Then and Now: Cohn Bros. Furniture
The name Cohn has been associated with the furniture business for more than 130 years.
The extensive Russian Jewish clan, along with several other families, arrived in Oregon in the 1870s after a long trek by wagon and on foot from North Dakota. Sons Hyman, Sol and possibly others started the Cohn Bros. Furniture in Portland in the 1890s. Sol had several enterprising sons and one daughter and most worked in the business. Some struck out on their own with other stores, including Cohn Bros. Furniture of Spokane and Howard’s Furniture in Oregon City.
The Spokane store was founded by Harry, Hyman and Joseph Cohn in 1895.
Sol Cohn died in 1899.
In 1905, the brothers opened the large two-story brick building on the northwest corner of Monroe Street and Sprague Avenue. Architecture historian Robert Hyslop called it “very ordinary,” but in the classic furniture store design of the day, the second floor was a mezzanine open to the first floor where furniture was stored. The windows were brightly lit when it was open.
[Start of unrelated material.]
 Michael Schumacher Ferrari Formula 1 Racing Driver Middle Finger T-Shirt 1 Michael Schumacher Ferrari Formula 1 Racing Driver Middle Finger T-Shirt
The store is cited several times in the 1909 Advertisers Cyclopedia of Selling Phrases, which credited the store with the classic phrase “Our first summer furniture sale!” and also the pitch of “Part down and the remainder weekly or monthly!”
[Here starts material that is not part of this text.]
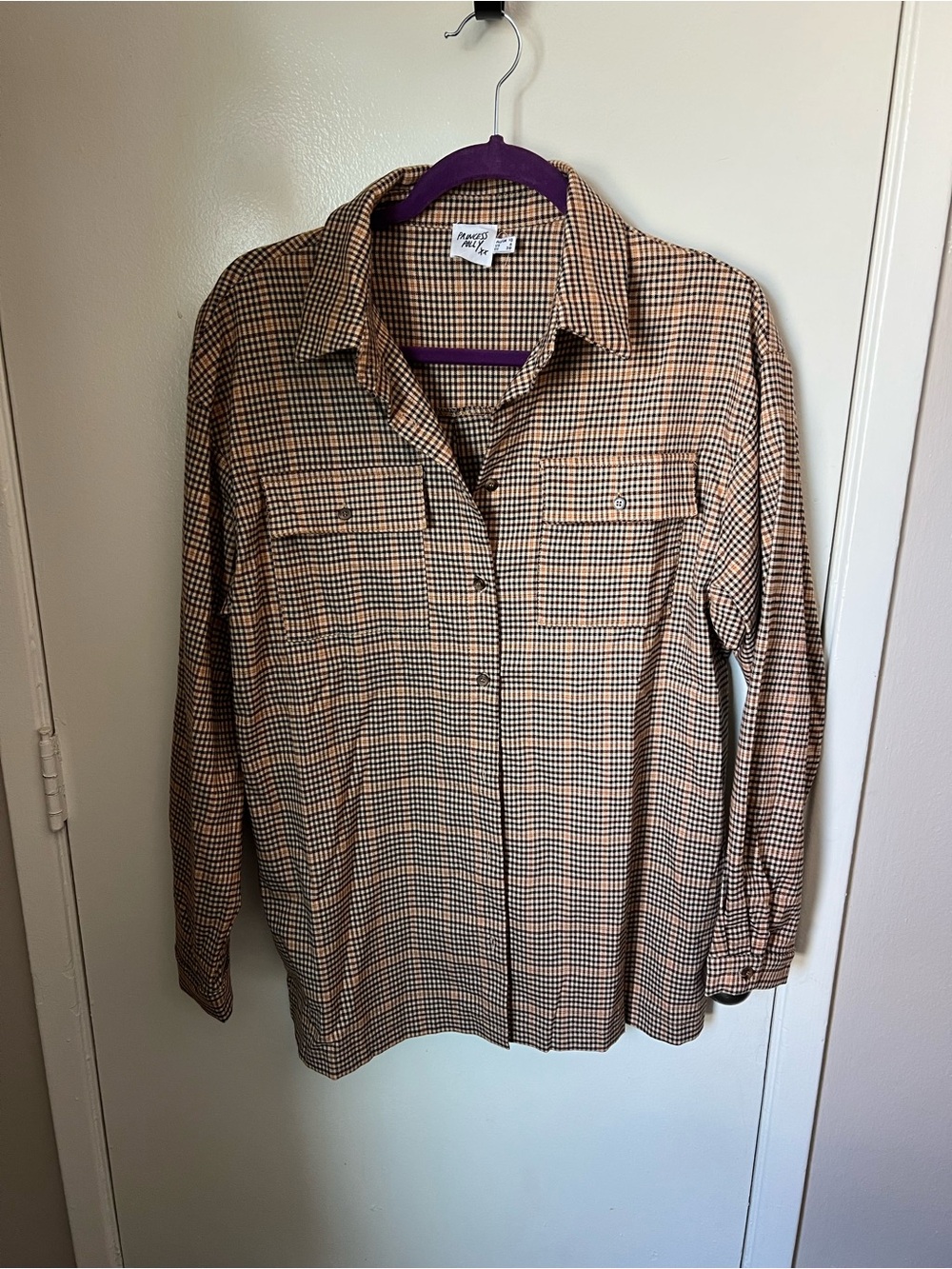 Princess Polly Tan & Black Checked Button-Down Shirt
Nate Cohn, a younger brother of Harry, Hyman and Joseph, was born in 1890 and lived in Portland. He gained some notoriety as a vaudeville singer at age 15. New child labor laws interrupted his career and he went to work in the furniture business. He got back into show business with a radio program in the early 1930s where he introduced young talent to a radio audience that was hungry for entertainment. In 1934 the program was named “Stars of Tomorrow” and was later carried by NBC. The “Stars of Tomorrow” program continued in many forms, including on television, and toward the end, Nate Cohn was affectionately known as “Uncle Nate” in Portland. He died in 1964, one of the last of the Cohns of his generation.
The Cohn Bros. store in Spokane was closed in 1960, though store manager Marvin Bennigson, a grandson of one of the store’s partriarchs, said the business was healthy and could continue.